- Brief:
Everything in the records below from the line containing "Hi, it's Chris." through the line containing "In this video, I" is to be reproduced exactly, those two lines included; no picture is to be copied.

- Given records:

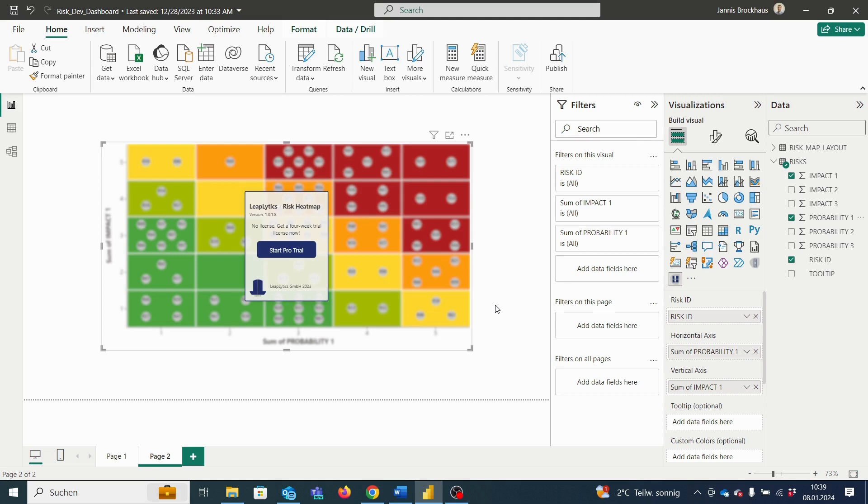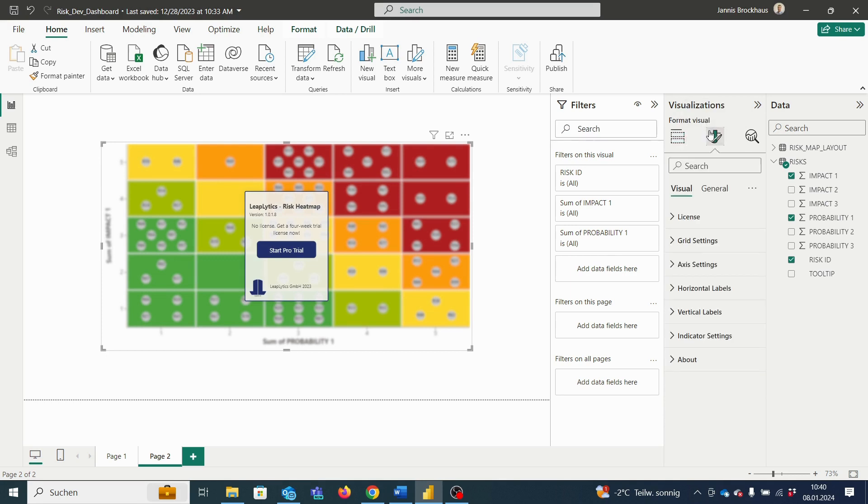However, the visual is still blurred as we do not have the permission to use the visual. Therefore, we need to jump to format your visual and plug in our license code into the license section.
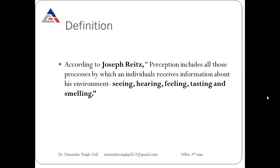For the same event, one person may have a different perception and another person may have a different perception. For the same services, for the same product, customers have different perceptions. Perception is a qualitative and subjective aspect — it varies according to human psychology, human observation, and the capacity of the human mind.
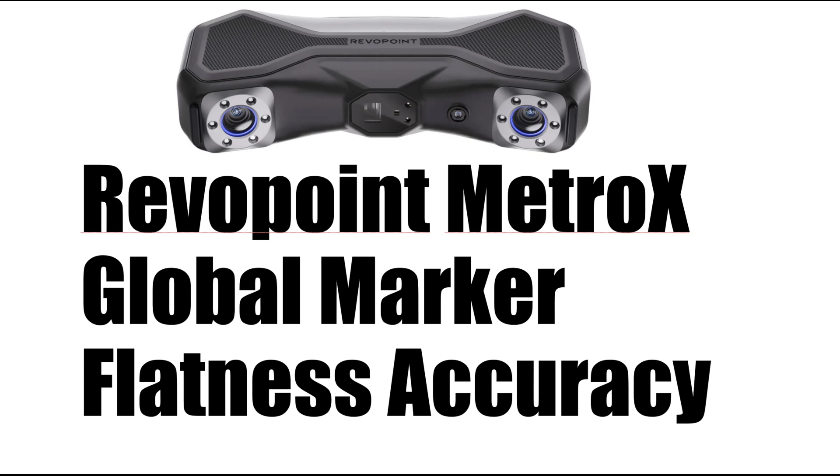Hi, it's Chris. I just got my Revopoint MetroX scanner and I want to review some of the accuracy claims that they have. So let's take a look.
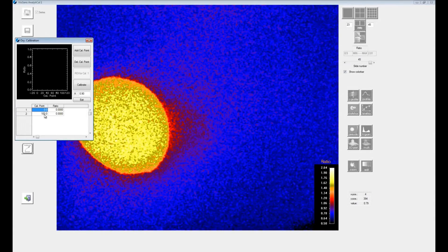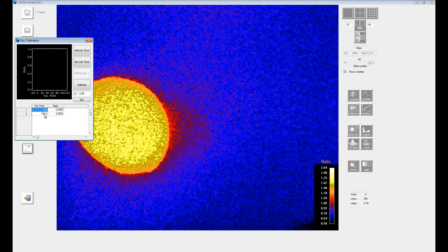It is recommended to perform calibration with at least three calibration points. You can add or delete a calibration point using these two buttons.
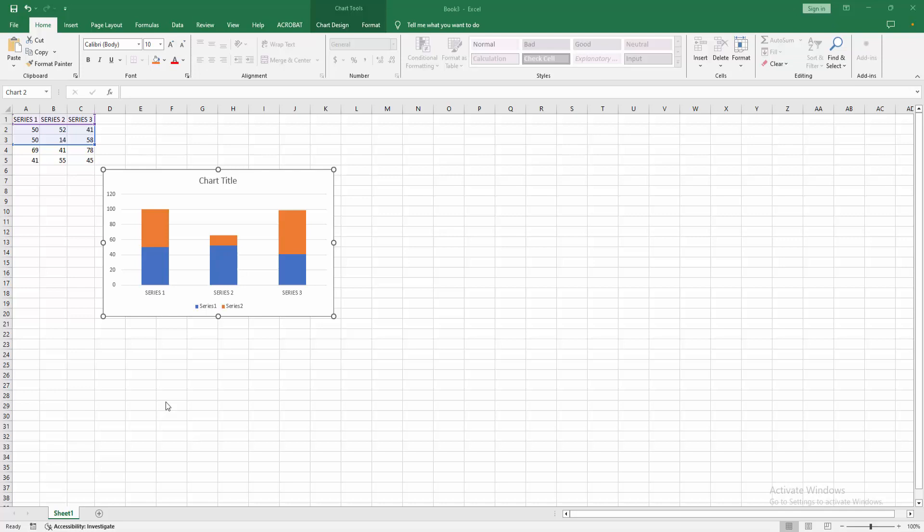In this video, I am going to show you how to save an Excel graph as a high-resolution image in Microsoft Excel. Let's get started. First, open your Excel spreadsheet.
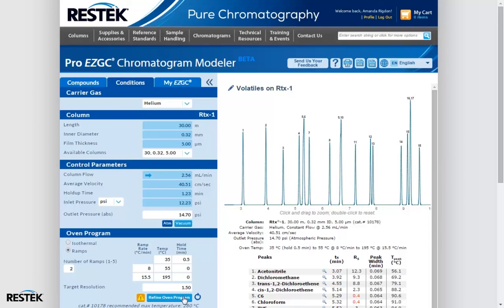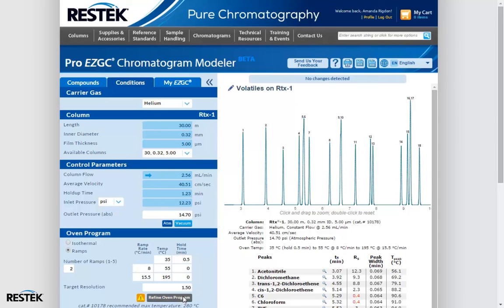We can see that the Refine button is still blue, which means that there may still be a better optimized temperature program to be found. Since our separation is still looking pretty good, except for our co-eluting compounds, let's go ahead and refine again. Now the Refine button has been grayed out and no additional optimizations were possible with the software.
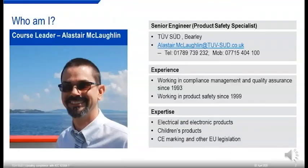I'm a Senior Engineer at TÜV SÜD. Contact details are there if you want to get in touch after the webinar. I've worked in product compliance in one shape or form since the early 90s, and in safety in particular since the millennium. I've been with TÜV SÜD since 2009. I've got lots of experience with electrical and electronic products and with the legislation around the world for product safety.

- Exercise answer:
Hi, it's Chris. I just got my Revopoint MetroX scanner and I want to review some of the accuracy claims that they have. So let's take a look.
It is recommended to perform calibration with at least three calibration points. You can add or delete a calibration point using these two buttons.
In this video, I am going to show you how to save an Excel graph as a high-resolution image in Microsoft Excel. Let's get started. First, open your Excel spreadsheet.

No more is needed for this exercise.